If you'd like some better, more updated information about nuclear war, try reading Nobel Peace Prize nominee Dr. Helen Caldicott's \"The New Nuclear Danger.\" It just came out a few months ago. For a book about nuclear winter, try reading \"The Cold and the Dark: The World After Nuclear War,\" by Carl Sagan and Paul Ehrlich. If you'd just like to read some realistic, modern fiction about life after a nuclear conflict, try reading \"Warday: And the Journey Onward,\" by Whitley Streiber and James Kunetka, which was highly praised by U.S. Senators of both political parties, when it came out in 1984. Finally, I would like to urge you in the strongest possible terms to seek out a copy of the video \"Threads.\" \"Threads\" is an old BBC made-for-television docudrama, released in 1984, about the effects on an average little town of a nuclear war. You can usually find it on a major online auction house, by entering the terms \"threads\" and \"war\" in the search field.

Anyway, \"Alas, Babylon\" in ridiculously outdated, but at least it might start someone thinking. One tentative thumb up.
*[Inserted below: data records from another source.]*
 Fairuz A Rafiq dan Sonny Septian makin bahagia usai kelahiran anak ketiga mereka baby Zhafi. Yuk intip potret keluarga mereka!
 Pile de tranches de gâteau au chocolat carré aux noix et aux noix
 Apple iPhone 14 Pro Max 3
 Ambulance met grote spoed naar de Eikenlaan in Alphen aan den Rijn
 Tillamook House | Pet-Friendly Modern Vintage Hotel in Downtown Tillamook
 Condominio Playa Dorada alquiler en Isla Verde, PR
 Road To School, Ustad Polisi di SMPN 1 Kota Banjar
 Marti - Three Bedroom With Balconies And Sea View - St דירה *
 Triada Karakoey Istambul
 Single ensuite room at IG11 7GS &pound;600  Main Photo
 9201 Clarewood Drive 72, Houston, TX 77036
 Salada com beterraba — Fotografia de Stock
Found the description of the story quite interesting... what are your thoughts on this?
 

CaryP

Senior Member
Messages
1,438
Alas, Babylon

Yo OrangeMan,

The anomalies.net has made many references to "Alas Babylon" as being the basis of the Titor saga. They've beat it to death and then some there. My mother-in-law heard me say I wanted to read the book, after it showed up on my 13 yr. old daughter's reading list for summer. She gave it to me for father's day in June, and I haven't gotten close to finishing it. But from what I've heard, the story lines are very similar. You comin' on strong bro. That's a good thing. Keep the posts comin'.

Cary
 

Judge Bean

Senior Member
Messages
1,257
Alas, Babylon

There might be many sources for a hoaxed Titor narrative; and much of Titor can be found in crackpot politics from the past 40 years, including "militia" literature and other antigovernment material, and in The Twilight Zone episodes.

The question is, why would Titor retell it?
 

Judge Bean

Senior Member
Messages
1,257
Alas, Babylon

Originally posted by CaryP@Sep 16 2004, 10:05 PM
The question is, why would Titor retell it?
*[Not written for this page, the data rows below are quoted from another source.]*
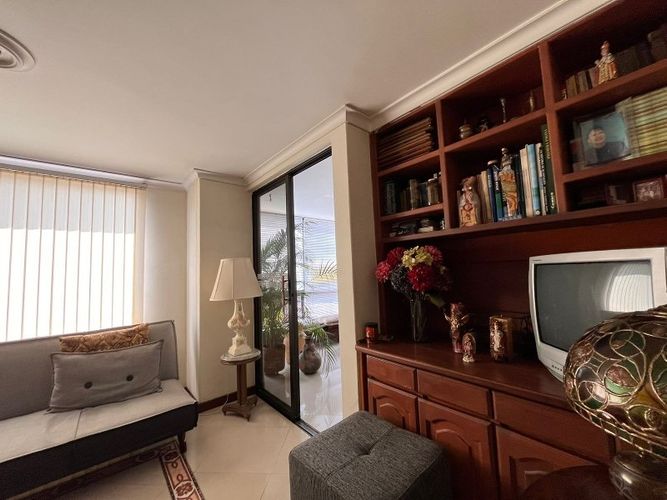 Apartamento de 3 alcobas en arriendo en El Poblado, Medellín, 150 m² · foto 13 de 20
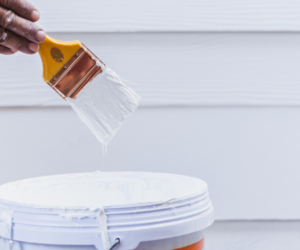 How to Achieve a Flawless Finish with Wood Paint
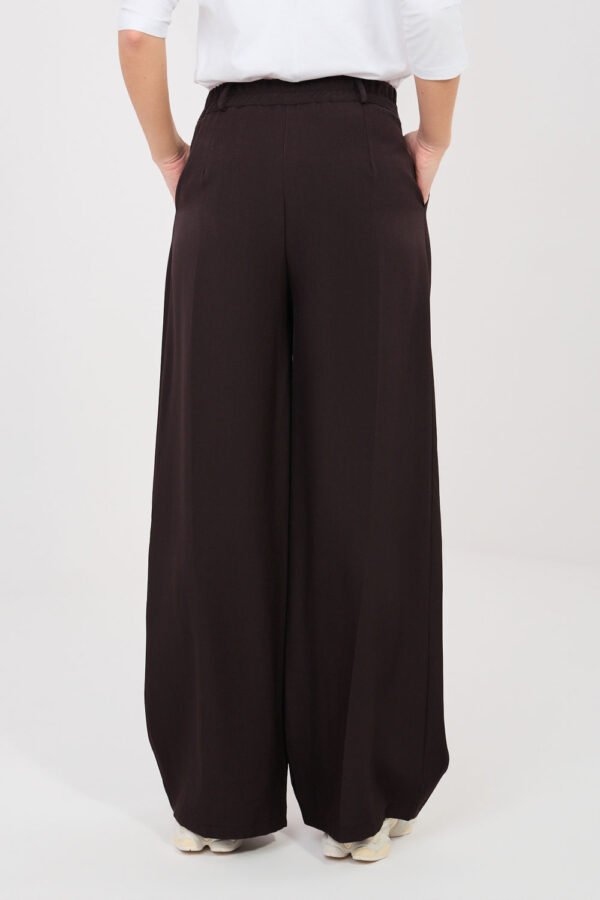 Women trousers model 225562 Rue Paris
That is the $64 billion question my friend.

Cary

I think that the U.S. intelligence community's black budget is bigger than that.
 

StarLord

Senior Member
Messages
3,187
Alas, Babylon

Better yet, what is the real reason for creating such fiction in the first place?

What goal did the author of Alas, Babylon have for his work?
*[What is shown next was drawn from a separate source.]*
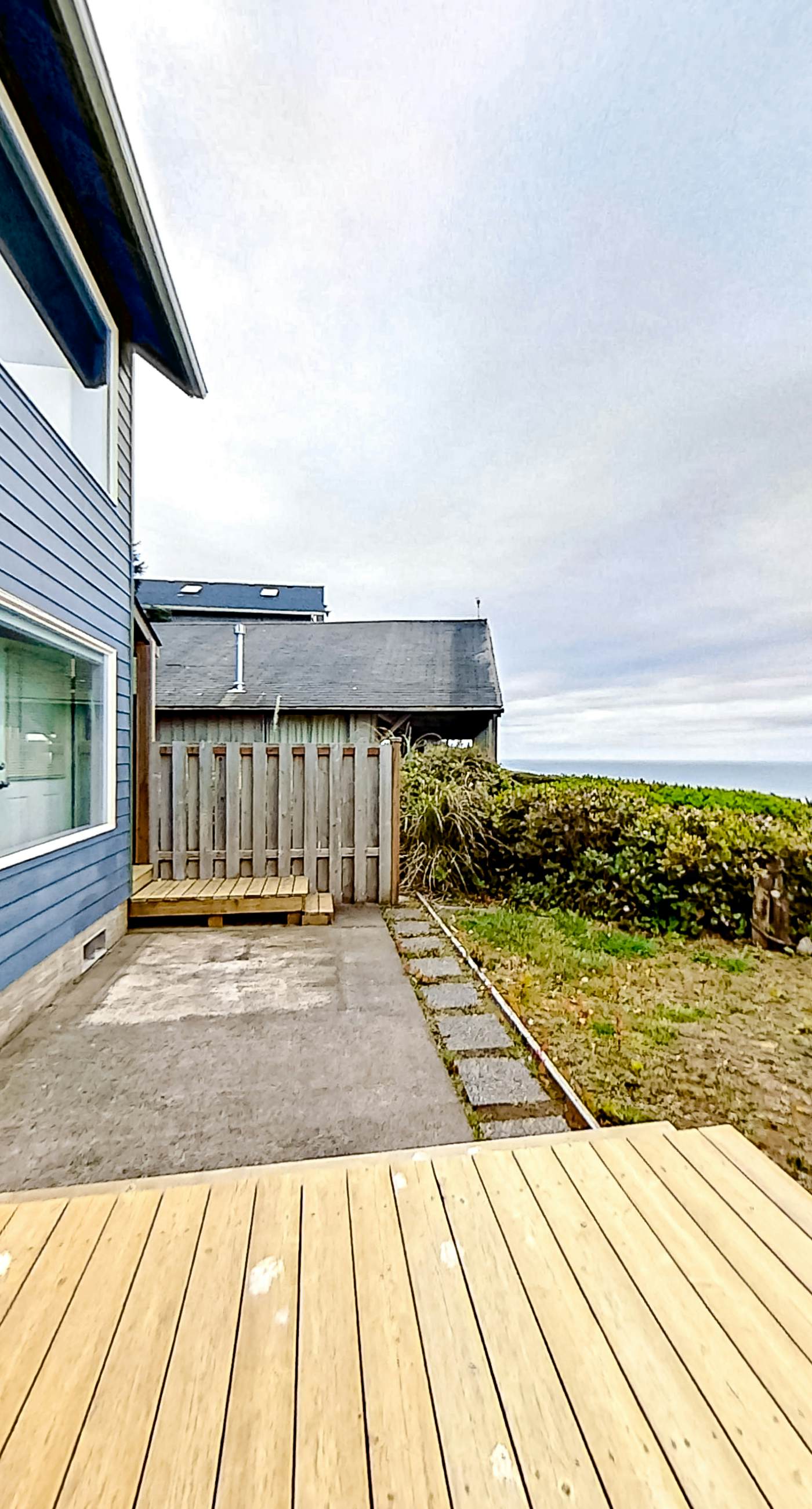 Two Story Dog Friendly Oceanfront Home with Free WiFi and Gas Fireplace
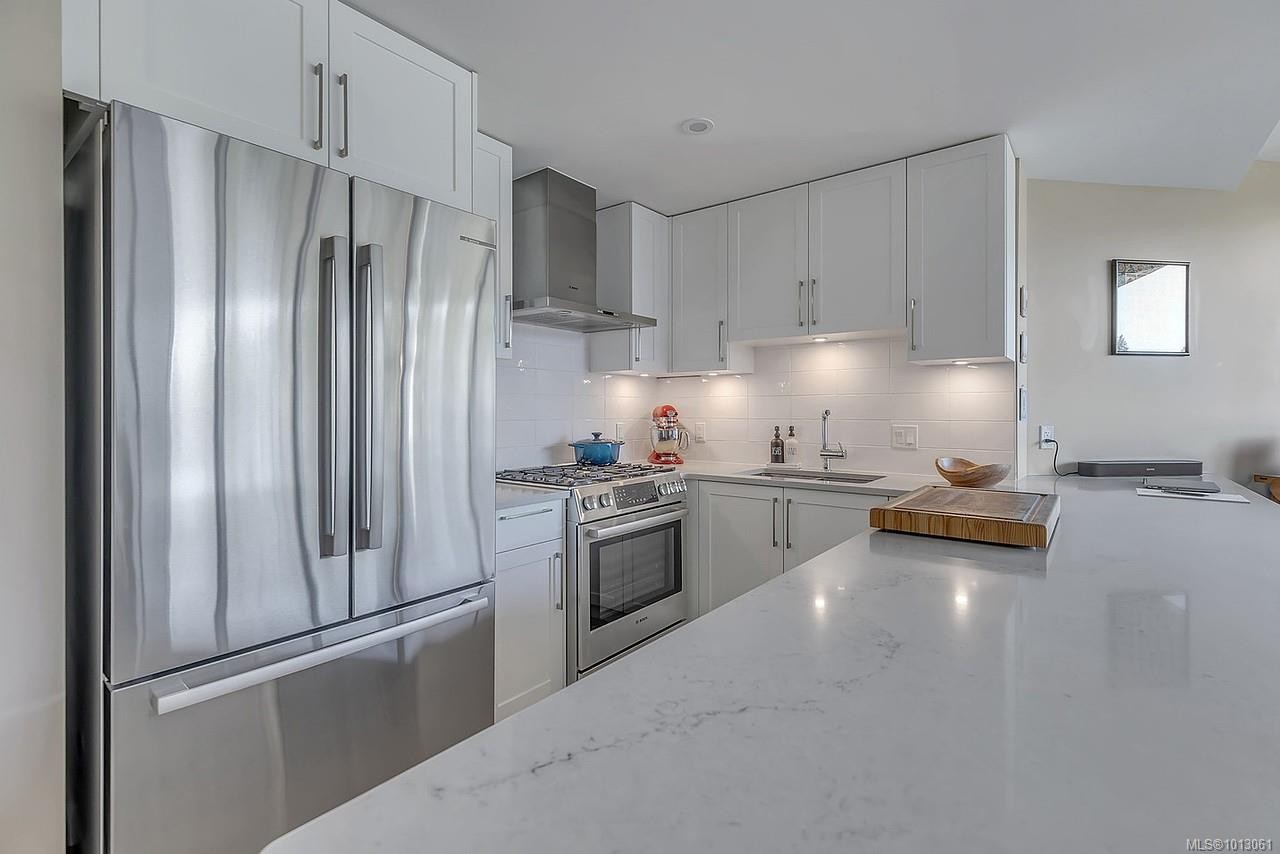 506-3529 Dolphin Dr, Nanoose Bay, BC - Indoor Photo Showing Kitchen With Upgraded Kitchen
What hidden goal did the authors of Titor have? Will they reinvent another fictious spokes personage to repeat the same message or will the new message conform to the changes that have taken place after the first story came out?
 

StarLord

Senior Member
Messages
3,187
Alas, Babylon

What caused you to think about telling a story in the first place? What caused you to even consider that others would find it worthwhile reading? What are your parameters of 'a good story'? Would you be trying to say something between the lines or would it purely be for entertainment and have no other value?

Sure, there is the case of just writing for the pure pleasure of it, but I submit to you that even the innocent have a subconscious message to get out. Otherwise whats the sense in writting at all if not to share ideas wether they be ideas of great import or sublime tidbits?